= Wynn Mercere =

Writer

Wynn Mercere is a pen name adopted in 2010 by writer Debora Wykle / Debora Kerr for the City of the Gods: Forgotten fantasy novel, comics and short story anthology series published by Raven Press, the City of the Gods Map Pack in the Catalyst role-playing game line published by Flying Buffalo, the 2015 magical realism novel Utopea and 2016's historical horror novel Mother of Ghosts published by Raven Press. Kerr is a writer of fiction and non-fiction as well as an editor and designer of scenarios for role playing games. Mercere's novel, City of the Gods: Forgotten, has over 80 illustrations.

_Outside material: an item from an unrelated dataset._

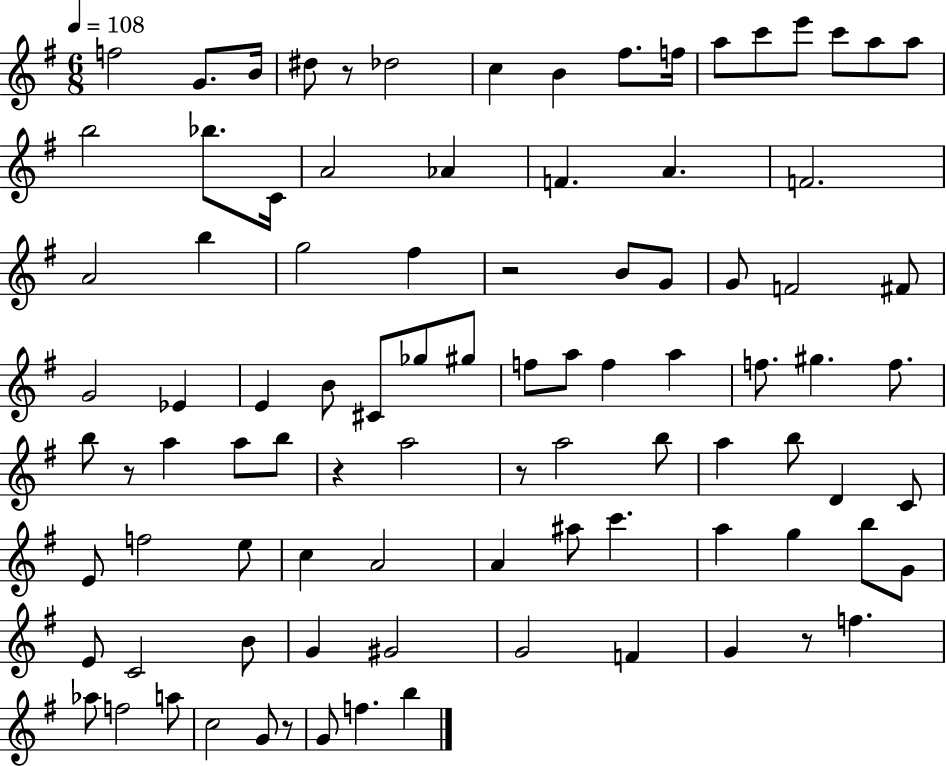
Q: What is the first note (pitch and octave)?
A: F5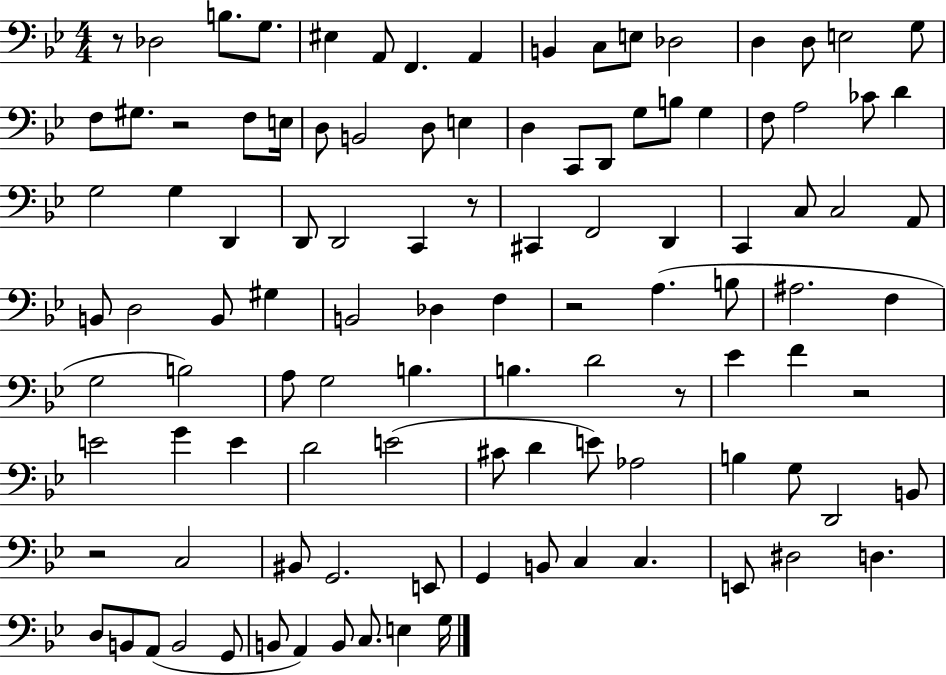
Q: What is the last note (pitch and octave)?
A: G3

==Written under the name Debora Wykle Kerr==
- Pantheon Finale. [published in Demi #6] Carnal Comics, 2002.
- Partylines. mightywords.com, 2000.
- Peg! #1 Ashcan Edition. Archer Books and Games, 1998
- Pantheon #2. Archer Books and Games, 1997
- CityBook VII: King's River Bridge. Flying Buffalo, Inc. 1997. (editor/contributing author)
- Pantheon #1. Archer Books and Games, 1995.
- Maps II: Places Of Legend. Flying Buffalo, Inc. Scottsdale, 1994. (editor/contributing author)
- Grimtooth's Traps Bazaar. Flying Buffalo, Inc. Scottsdale, 1994. (editor/contributing author)
- Maps I: Cities. Flying Buffalo, Inc. Scottsdale, 1994. (editor/contributing author)
- Mugshots 2. Flying Buffalo, Inc. Scottsdale, 1992. (co-author with Michael Stackpole)
- The Hole Delver's Catalog. Task Force Games/Flying Buffalo, Inc. USA 1987. (contributing author)
- CityBook II: Port O’ Call. Flying Buffalo, Inc. 1984. (contributing author)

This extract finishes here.